**** SOURCE INFORMATION ****

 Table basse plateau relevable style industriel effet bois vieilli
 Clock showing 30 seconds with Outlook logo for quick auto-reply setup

****
**** SOURCE INFORMATION ****

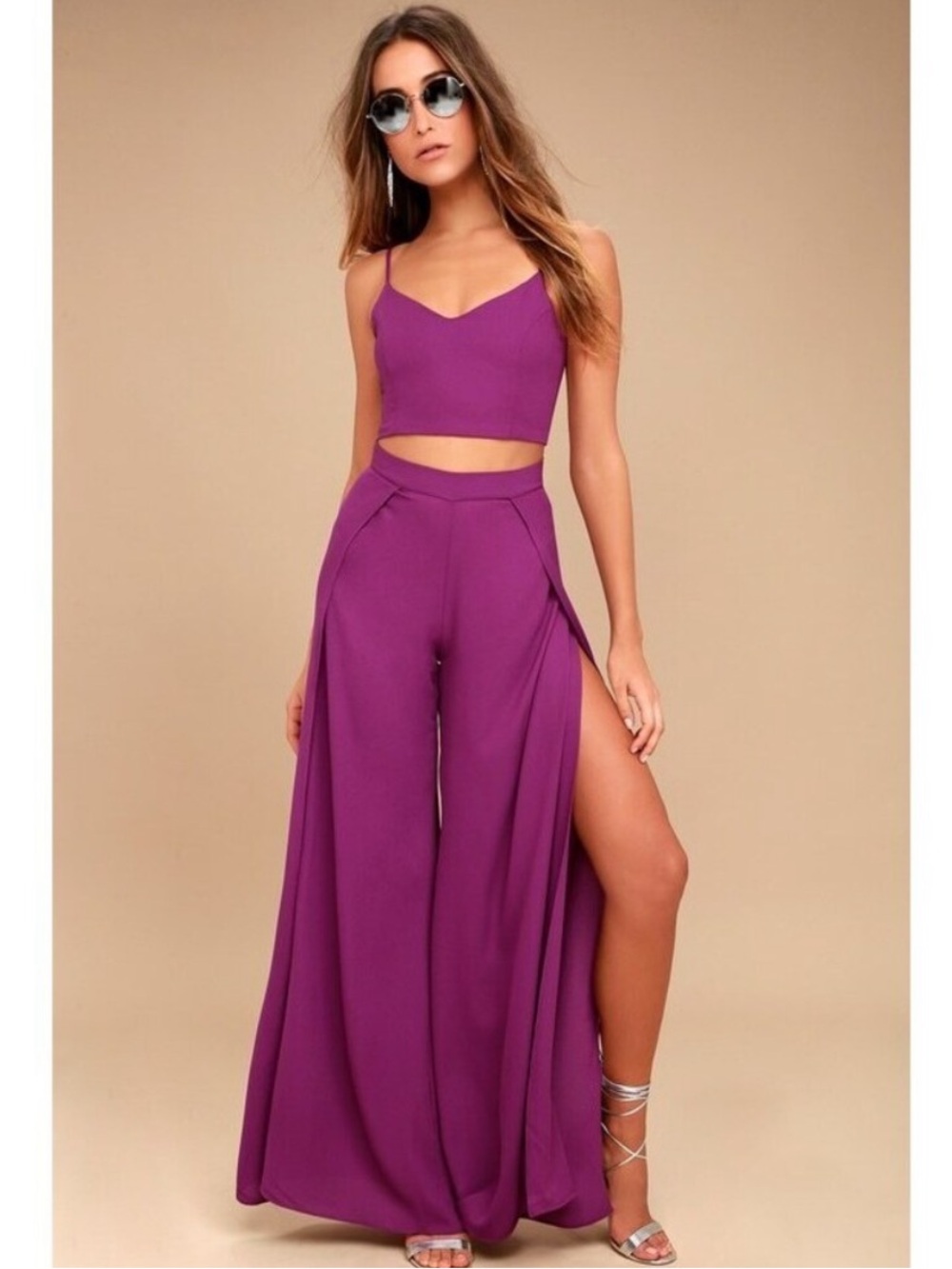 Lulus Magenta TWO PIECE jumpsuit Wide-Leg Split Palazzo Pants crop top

****

WORK ITEM: Beginning with the line containing "Table basse plateau" in the material above, copy every line exactly until you have copied the line containing "Clock showing 30".

TASK RESPONSE:
 Table basse plateau relevable style industriel effet bois vieilli
 Clock showing 30 seconds with Outlook logo for quick auto-reply setup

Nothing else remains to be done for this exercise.